This is my general conclusion about Pamela Geller and the American Freedom Defense Initiative, whose "Draw a Cartoon of Muhammad" event in Garland, Texas was crashed by two armed Muslims. The event had high security -- no one was in any doubt of the risk they were taking -- so when the two men came in, brandishing assault rifles, they were immediately shot and killed by the armed guards hired to protect attendees.
The comparisons to the Charlie Hebdo massacre started to fly. Geller, who organized the event, was vocal in her claim that the whole thing had to do with free speech. "There is a problem in Islam, as illustrated last night, and anyone that addresses it gets attacked in this same way," Geller said. "The Islamic jihadis are determined to suppress our freedom of speech violently."
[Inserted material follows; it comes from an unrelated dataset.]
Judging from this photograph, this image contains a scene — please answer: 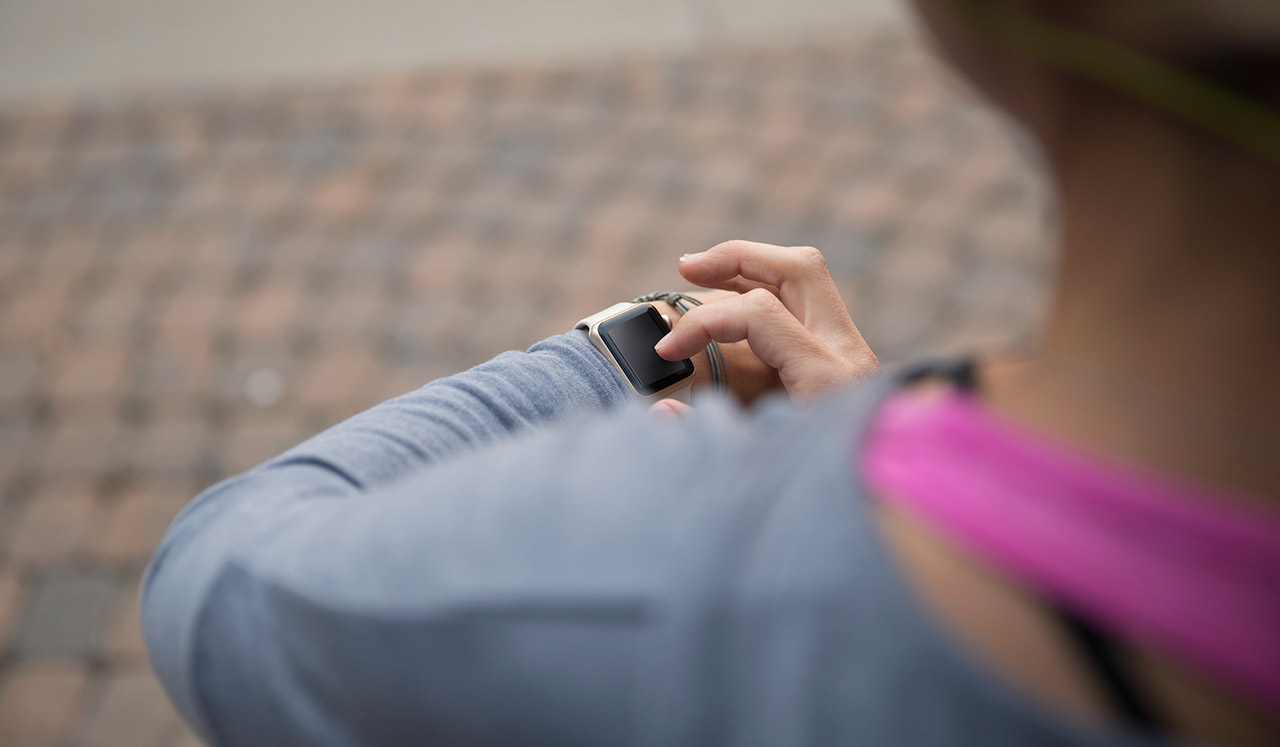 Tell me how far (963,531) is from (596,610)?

Which is certainly true, on some level. I don't want anyone to misunderstand me; I still think that Islam is factually wrong, and has a lot to answer for in terms of human rights offenses, suppression of women, and encouraging extremism and fanaticism. But Geller's case began to look a little different when it was revealed that she isn't just a free speech advocate, she's a conspiracy theorist who thinks there's some kind of huge plot to institute Shari'a law in the United States, and that there are Muslims everywhere, influencing every level of government.
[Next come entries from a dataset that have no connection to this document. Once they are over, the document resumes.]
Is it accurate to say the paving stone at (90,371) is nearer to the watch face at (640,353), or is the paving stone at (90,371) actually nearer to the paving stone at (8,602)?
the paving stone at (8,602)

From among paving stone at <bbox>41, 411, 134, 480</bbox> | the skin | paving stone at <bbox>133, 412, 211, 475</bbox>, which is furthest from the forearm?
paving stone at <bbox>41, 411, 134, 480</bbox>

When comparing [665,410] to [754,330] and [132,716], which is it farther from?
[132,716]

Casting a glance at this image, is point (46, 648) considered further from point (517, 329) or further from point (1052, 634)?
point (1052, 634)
Hell, she even thinks that conservative activist Grover Norquist is a "dangerous Islamic infiltrator."
[image courtesy of the Wikimedia Commons]
And, of course, she got her wish. So this isn't some sort of victory for free speech; it's a fanatic on one side pissing off two fanatics on the other side, which hardly constitutes a win for either ideology.
As far as the parallels to Charlie Hebdo, there are some similarities. In both cases, we had people who knew full well what the reaction by devout Muslims would be. The difference, though, seems to be that the cartoonists at Charlie Hebdo lampooned other religions as well -- the Catholics and Jews got equal time in their magazine -- whereas Geller's event was specifically targeted at Islam. The fact that the intent in Garland was to provoke a response is evident from the armed guards, who turned the attack into something more like suicide by cop.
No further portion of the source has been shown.